Chris Smith: Neighbors, strangers took a stand on Santa Rosa’s Baird Road

The fire moves down Baird Road in Santa Rosa, Monday, Oct. 9, 2017. (Chris Smith / Press Democrat)


A bit past 8 a.m. Monday, as fear and agony soaked like a stain into vast, burnt swaths of Napa and Sonoma counties, the fight came to Baird Road.

It’s the country lane, parallel to and a couple of blocks west of Calistoga Road, that you take to the tucked-away dream fields of Rincon Valley Little League.

A roiling cloud of black smoke appeared over Baird Road as the fire advanced from the north and east. Flames engulfed an old home at Baird and Rincon Avenue.

The crew of a single Cal Fire engine pulled into the driveway of the home next in the path of the firestorm, fogging it with spray. One by one, residents of the long block of Baird between Rincon Avenue and Badger Road stepped onto the pavement and gazed at the smoke as though they beheld a monster.
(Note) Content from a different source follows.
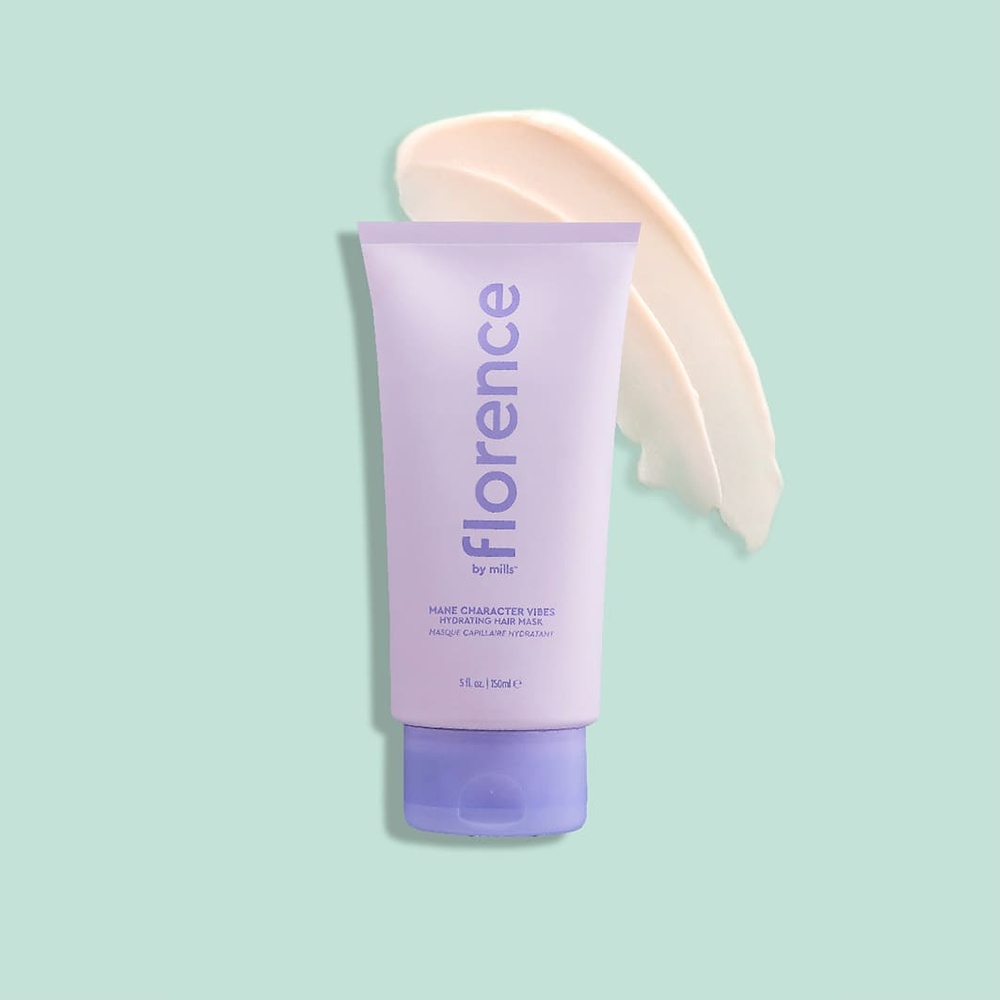 florence by mills Mane Character Vibes Hydrating Hair Mask Masque cheveux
Explosions sounded, presumably from propane canisters and the like at homes burning up behind the curtain of smoke. Wind-dealt cinders ignited small fires here and there, on a fence, in the rustic road’s plentiful dry weeds and grass. Two terrified deer ran away.
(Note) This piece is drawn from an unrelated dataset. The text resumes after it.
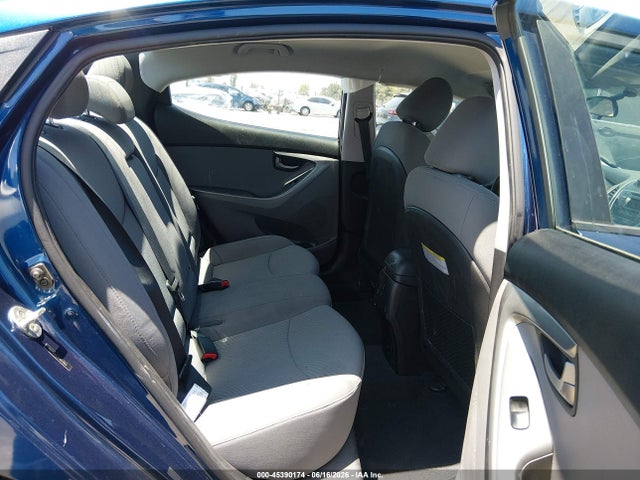 Hyundai ELANTRA SE 2015 5NPDH4AE1FH612814 Image 8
Baird Road residents and good Samaritans ran, too. Toward the danger.

They filled, hauled and dumped buckets of water onto emergent flames in the yards of neighbors and strangers. Someone pulled a garden hose across Baird Road and used a ladder to position a sprinkler on the roof of an apparently untended house. A civilian water truck rolled up and its driver aimed a drenching blast at fire in that home’s landscaping.
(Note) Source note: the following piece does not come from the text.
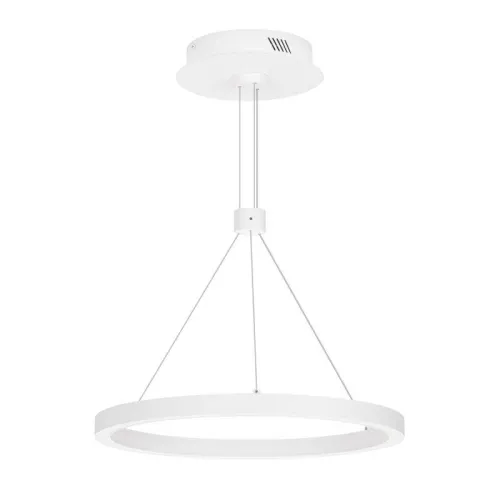 Светильник светодиодный SP-CONGO-CAN-1-R400-24W Warm3000 (WH 120 deg 230В) IP20 металл Arlight 046212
THERE WAS NO ENGINE to defend Darlene Russell’s house, located right next door to the one with the CDF pumper in the driveway.

Russell has shared the house with her two kids, one a teenager and the other a young adult, since her husband Bret died in March when an SUV pulled into the path of his Harley-Davidson motorcycle maybe a mile away on Sonoma Highway.

Spot fires grew as several people from the neighborhood and beyond stepped to the Russells’ door and urged them to get out.

“All your important papers, go get them,” a woman told Darlene Russell, “All your pictures, go get them. Now!”

The neighbors followed Russell into the house and idled while she and her son and daughter gathered up personal belongings. All went into two pickups parked out front.

“Anything else?” barked one of the neighbors. Russell stepped out with what she’d decided was her last load.

“We’re out!” she shouted. While waiting for her children to emerge, she snapped a cellphone picture of their home.

“It’s probably the last time I’ll see it,” she said.


BUT SHE DIDN’T LEAVE. Darlene Russell noticed about then a calm had returned to Baird Road.

Firefighters had halted the fire on her side of the road with their defense of the house just upwind. The wind had subsided some, and two more CDF engines had arrived to subdue the flames that imperiled three homes across the road.

“That was a good save!” rejoiced Rick Robertson, a tree trimmer who’d arrived at the Russells’ before 8 and went to work hauling water and hoses and pitching in for them and the others on the block.

“Everybody just picked up a bucket,” he said. “The neighborhood came together.”